Barry Glassner named Lewis & Clark's 24th president
Lewis & Clark College
August 4, 2010
The Lewis & Clark Board of Trustees has named Dr. Barry Glassner, a noted cultural commentator and the executive vice provost at the University of Southern California, as its 24th president. Chosen by a unanimous vote of the trustees, Glassner will begin his duties in late October.
Glassner has built a successful career as a professor and administrator at several institutions of higher education. A keen observer of American culture, Glassner is the author or coauthor of nine books, including The Culture of Fear: Why Americans Are Afraid of the Wrong Things (1999), a national bestseller that was named a “Best Book of the Year” by the Los Angeles Times. An updated edition was released in 2010.
Prior to becoming USC’s executive vice provost, Glassner served as director of the USC Casden Institute for the Study of the Jewish Role in American Life, and previous to that he chaired the Department of Sociology. Earlier in his career, Glassner led academic departments at Syracuse University and the University of Connecticut. He received a B.A. from Northwestern University and an M.A. and Ph.D. from Washington University in St. Louis.
Ron Ragen, chair of the Lewis & Clark Board of Trustees, said Glassner embodies the traits and values of the liberal arts—engagement with the social issues and challenges of our time, critical thinking, and academic rigor. Ragen hailed Glassner’s unique blend of effective executive leadership, demonstrated ability to expand an academic institution’s resources, and skill as a community- and consensus-builder.
“Barry built a reputation as a persuasive ambassador for higher education during his time in the Los Angeles community,” Ragen said. “We are eager to see him make his mark in Portland, while he extends Lewis & Clark’s national and global reach.”
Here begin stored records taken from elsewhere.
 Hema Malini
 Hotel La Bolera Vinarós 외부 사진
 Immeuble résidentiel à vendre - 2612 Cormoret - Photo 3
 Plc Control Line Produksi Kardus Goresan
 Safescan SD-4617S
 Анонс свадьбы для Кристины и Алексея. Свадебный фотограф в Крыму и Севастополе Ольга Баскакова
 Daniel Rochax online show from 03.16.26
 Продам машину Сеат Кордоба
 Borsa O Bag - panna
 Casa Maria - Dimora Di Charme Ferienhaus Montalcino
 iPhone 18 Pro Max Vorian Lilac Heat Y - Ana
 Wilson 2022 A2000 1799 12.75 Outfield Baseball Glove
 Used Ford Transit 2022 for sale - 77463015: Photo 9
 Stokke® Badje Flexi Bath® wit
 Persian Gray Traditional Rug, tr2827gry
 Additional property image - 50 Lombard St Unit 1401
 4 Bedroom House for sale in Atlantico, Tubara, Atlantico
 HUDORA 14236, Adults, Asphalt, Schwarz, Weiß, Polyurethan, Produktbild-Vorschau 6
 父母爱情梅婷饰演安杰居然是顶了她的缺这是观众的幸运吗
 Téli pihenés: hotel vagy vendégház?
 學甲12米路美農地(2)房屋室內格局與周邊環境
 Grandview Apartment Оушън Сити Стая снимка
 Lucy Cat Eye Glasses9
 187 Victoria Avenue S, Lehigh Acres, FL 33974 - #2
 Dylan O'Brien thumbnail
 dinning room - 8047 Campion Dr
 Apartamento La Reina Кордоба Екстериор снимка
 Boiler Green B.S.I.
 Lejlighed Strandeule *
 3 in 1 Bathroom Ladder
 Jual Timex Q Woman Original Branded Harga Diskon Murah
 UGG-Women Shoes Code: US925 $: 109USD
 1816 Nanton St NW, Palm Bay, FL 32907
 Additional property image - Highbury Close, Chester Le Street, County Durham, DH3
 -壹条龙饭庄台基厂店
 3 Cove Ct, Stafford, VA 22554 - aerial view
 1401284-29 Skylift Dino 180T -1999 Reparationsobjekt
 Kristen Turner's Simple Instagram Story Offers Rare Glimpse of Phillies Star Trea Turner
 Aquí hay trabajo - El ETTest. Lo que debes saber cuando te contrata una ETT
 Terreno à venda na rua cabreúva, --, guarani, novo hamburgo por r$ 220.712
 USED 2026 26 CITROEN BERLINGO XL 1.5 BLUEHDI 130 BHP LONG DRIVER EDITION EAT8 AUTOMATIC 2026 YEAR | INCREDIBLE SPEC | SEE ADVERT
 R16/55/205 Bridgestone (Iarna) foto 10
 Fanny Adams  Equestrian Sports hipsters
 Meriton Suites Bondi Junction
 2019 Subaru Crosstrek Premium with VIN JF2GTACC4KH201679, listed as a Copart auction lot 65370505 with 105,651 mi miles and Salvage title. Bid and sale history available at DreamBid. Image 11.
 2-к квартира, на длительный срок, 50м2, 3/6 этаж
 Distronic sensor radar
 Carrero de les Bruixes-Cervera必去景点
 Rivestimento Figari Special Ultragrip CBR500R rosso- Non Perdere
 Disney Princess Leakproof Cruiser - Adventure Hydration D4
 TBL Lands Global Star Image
“I’m enormously excited and honored to have this opportunity,” Glassner said. “Lewis & Clark has a configuration that is unique in higher education: a law school with programs that are top ranked nationally; a graduate school that produces many of the region’s top education leaders; and an undergraduate college with amazing students—seven Fulbright Scholars this year alone—and an unparalleled level of international engagement.
“Add to that an accomplished faculty that has a reputation for being uncommonly engaged with their students, and a devoted board and 36,000 proud alumni—not to mention the most beautiful campus I’ve ever seen—and it is an awfully exciting place.”